> Exercise instructions:
Nothing but a verbatim copy of the data, minus the images, should be returned.

> Entries supplied:
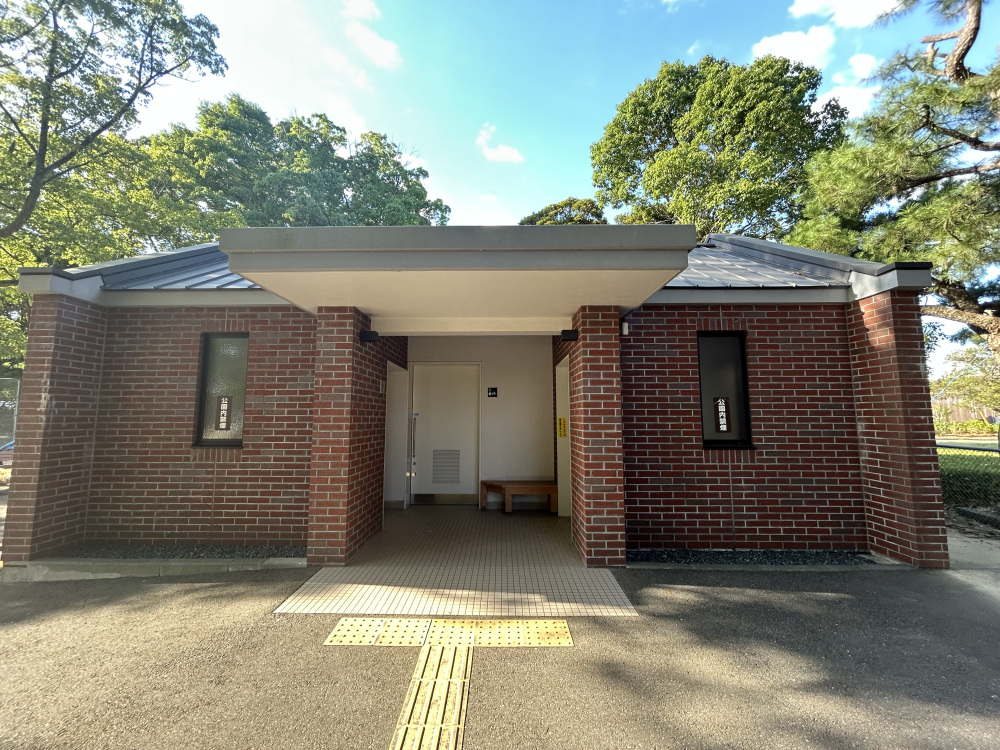 亀山公園トイレ①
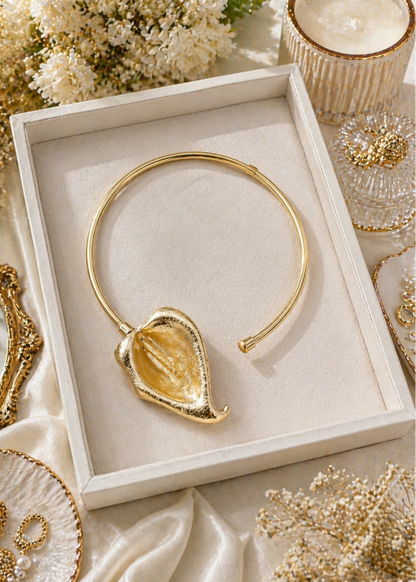 Golden Leaf Statement Choker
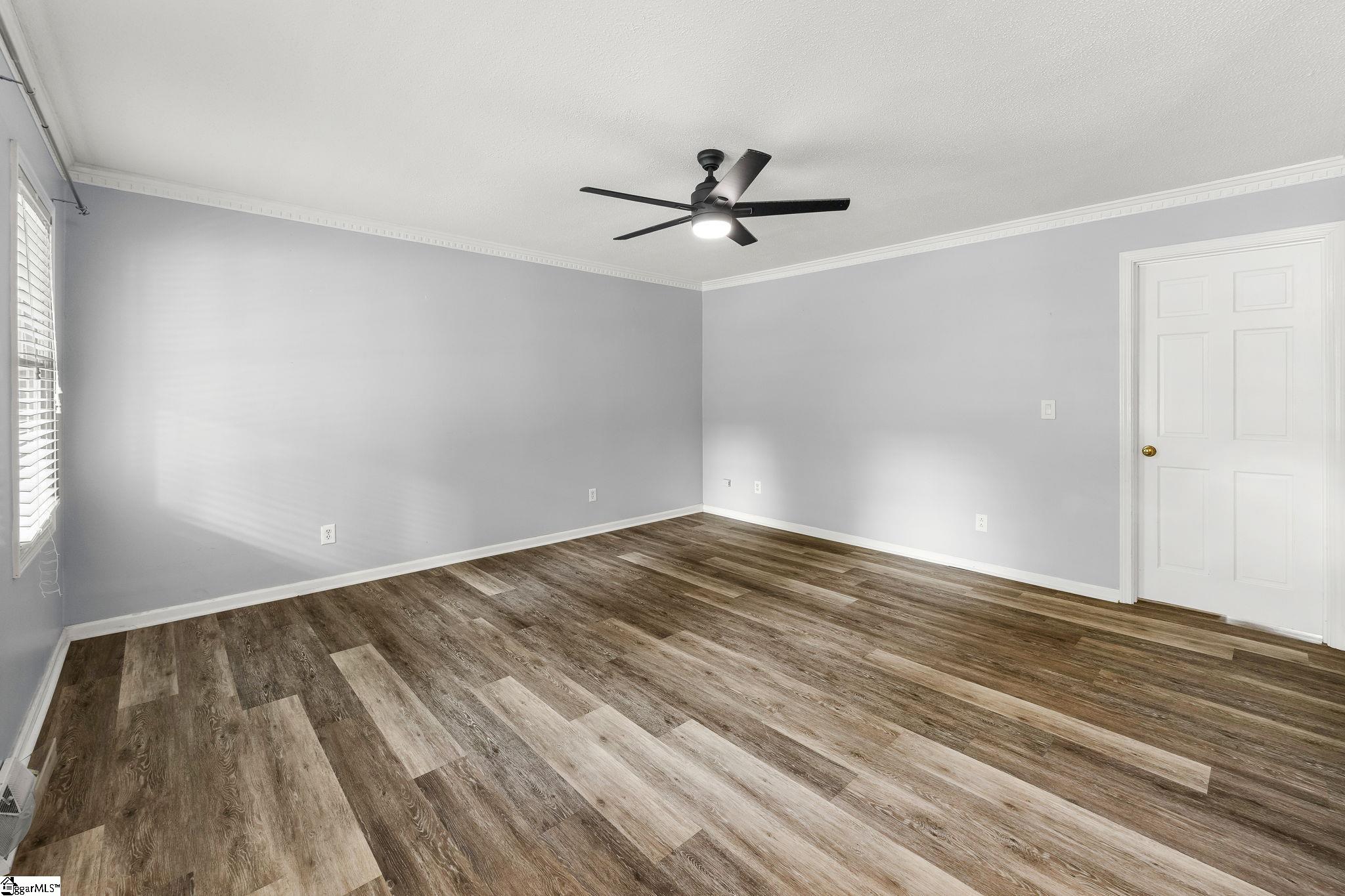 215 Bendingwood Circle Taylors, SC 29687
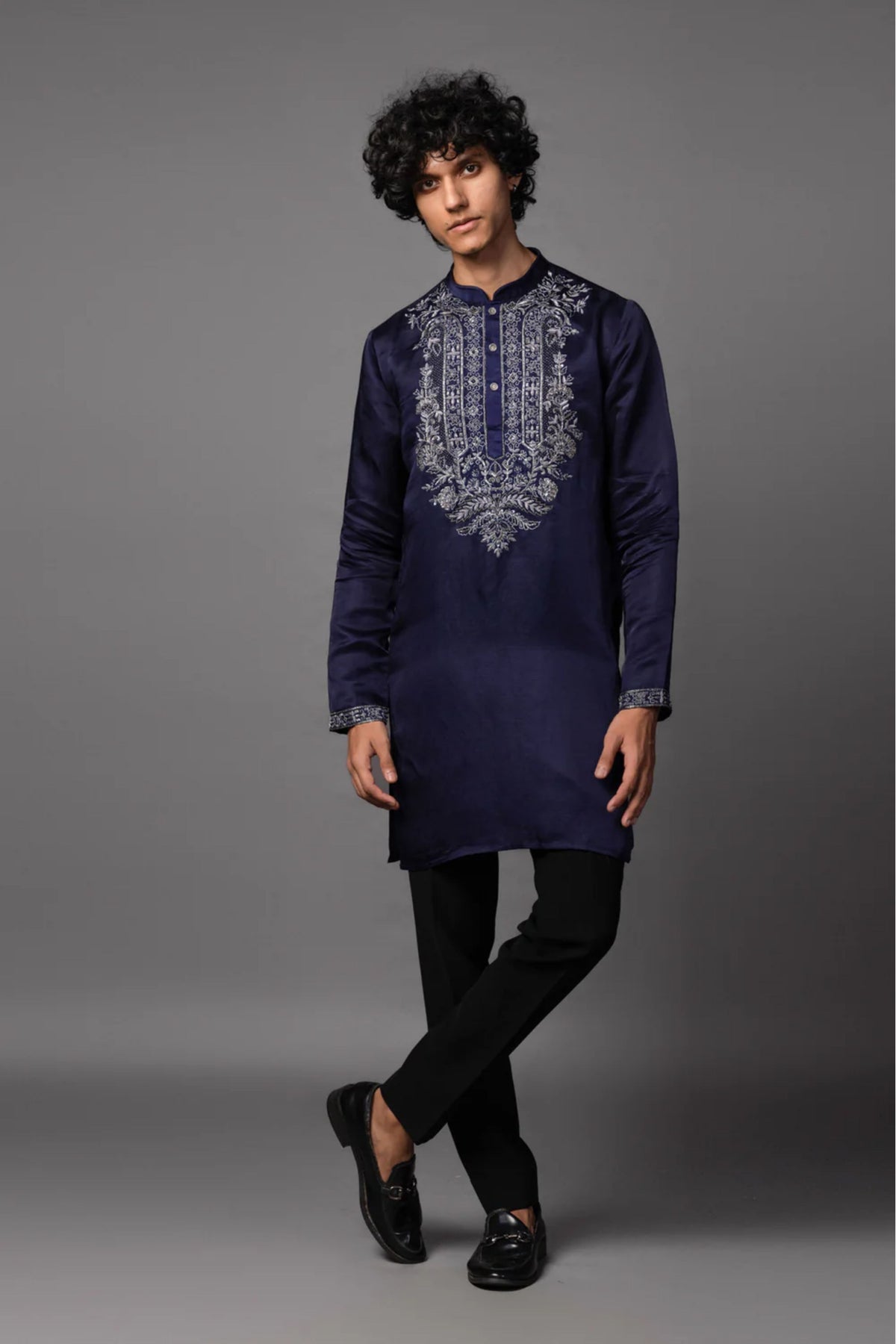 Regal Radiance Kurta Set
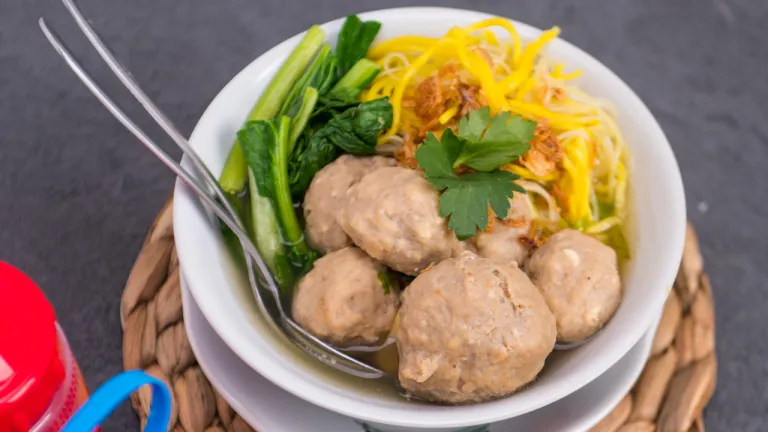 Bakso So'un & Mie Ayam Lodaya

> Response area:
 亀山公園トイレ①
 Golden Leaf Statement Choker
 215 Bendingwood Circle Taylors, SC 29687
 Regal Radiance Kurta Set
 Bakso So'un & Mie Ayam Lodaya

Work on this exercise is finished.